Content-Disposition: inline
In-Reply-To: <263d6f84-4a57-2085-288f-068b1d78f7ae@ri.se>
Archived-At: <https://mailarchive.ietf.org/arch/msg/core/YydfrhQ3wQgdj-LrvWAIVdABHxQ>
Subject: Re: [core] WG Last Call on draft-ietf-core-new-block
X-BeenThere: core@ietf.org
X-Mailman-Version: 2.1.29
Precedence: list
List-Id: "Constrained RESTful Environments \(CoRE\) Working Group list" <core.ietf.org>
List-Unsubscribe: <https://www.ietf.org/mailman/options/core>, <mailto:core-request@ietf.org?subject=unsubscribe>
List-Archive: <https://mailarchive.ietf.org/arch/browse/core/>
List-Post: <mailto:core@ietf.org>
List-Help: <mailto:core-request@ietf.org?subject=help>
List-Subscribe: <https://www.ietf.org/mailman/listinfo/core>, <mailto:core-request@ietf.org?subject=subscribe>
X-List-Received-Date: Wed, 23 Dec 2020 05:01:04 -0000

Hello new-block authors, hello CoRE,

I've finally managed to have another look at the document (and it's
still the 22nd *somewhere*...).

My over-all summary is that while this document has matured quite a bit
(and turned out better than I had expected for the special-purpose
blocks it is), I think that the topic of response suppression and
congestion control sections still have to be sharpened, and the examples
could pick a more realistic balance between going all-NON and all-CON
(or explain why that's something that wouldn't be done even though the
text reads like that's what's expected to be used but maybe it's just
me).


Except for the first item (which is coming back to the notes for the
WGLC), all should be more or less sequential in the document (with
forward/back references as needed).

* On the downref to No-Response: I don't see the downref as too big an
  issue. It's a bit odd that that document didn't go through the CoRE
  WG, but my impression is that it's widely used (on a "when the library
  I maintain broke it people filed issues" level), and both OSCORE and
  groupcomm-bis (which is to replace RFC7390) reference it. It's an
  informative reference because they don't mechanically depend on it,
  but it shows how well No-Response has been taken up.

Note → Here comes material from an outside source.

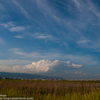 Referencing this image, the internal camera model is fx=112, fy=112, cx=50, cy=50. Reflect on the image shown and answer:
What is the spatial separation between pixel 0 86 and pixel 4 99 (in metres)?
7.30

  (Frankly, I'd support a retroactive adoption. I don't suppose we can
  do that with "adults"?).

  From how I understand Q-Block to be intended to work, No-Response does
  not cover all of the behavior (as it's timeout based); still, that
  document lays good groundwork for what's done here in a rather precise
  way (see comment on "For Confirmable transmission, the server MUST
  continue" later on) where this document needs the examples to be fully
  understood.

  Based on the later text on MAX_TRANSMIT_SPAN, why not at least
  acknowledge the equivalence? Maybe like this:

  > The behavior of endpoints following this draft can equivalently b
  > described in terms of the No-Response option {{?RFC7967}}:
  >
  > For a message with a Q-Block1 option with M=1 that is followed by
  > another message on the same Request-Tag within MAX_TRANSMIT_SPAN [
  > or MAX_BLOCK_JITTER, see later ], the default value for No-Response
  > is 8 (suppressing the 4.xx code that would be returned due to the
  > incomplete request); an explicitly set No-Response option would
  > override that."

  although I'd still advocate just using No-Response for the whole
  definition even if No-Response is not typically expressed.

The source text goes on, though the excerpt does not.